Records supplied:
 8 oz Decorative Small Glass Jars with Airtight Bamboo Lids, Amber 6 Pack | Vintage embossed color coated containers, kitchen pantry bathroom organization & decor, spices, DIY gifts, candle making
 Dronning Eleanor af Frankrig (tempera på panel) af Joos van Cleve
...
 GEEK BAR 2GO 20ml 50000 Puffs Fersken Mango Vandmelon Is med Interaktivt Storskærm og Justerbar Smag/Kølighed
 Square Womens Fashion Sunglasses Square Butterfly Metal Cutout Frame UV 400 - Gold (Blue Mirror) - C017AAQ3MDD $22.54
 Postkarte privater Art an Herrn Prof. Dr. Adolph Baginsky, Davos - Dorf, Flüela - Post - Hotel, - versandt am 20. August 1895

The problem: Working from the records above, write out verbatim only the lines from the line containing "8 oz Decorative" through the line containing "Dronning Eleanor af".

Written solution:
 8 oz Decorative Small Glass Jars with Airtight Bamboo Lids, Amber 6 Pack | Vintage embossed color coated containers, kitchen pantry bathroom organization & decor, spices, DIY gifts, candle making
 Dronning Eleanor af Frankrig (tempera på panel) af Joos van Cleve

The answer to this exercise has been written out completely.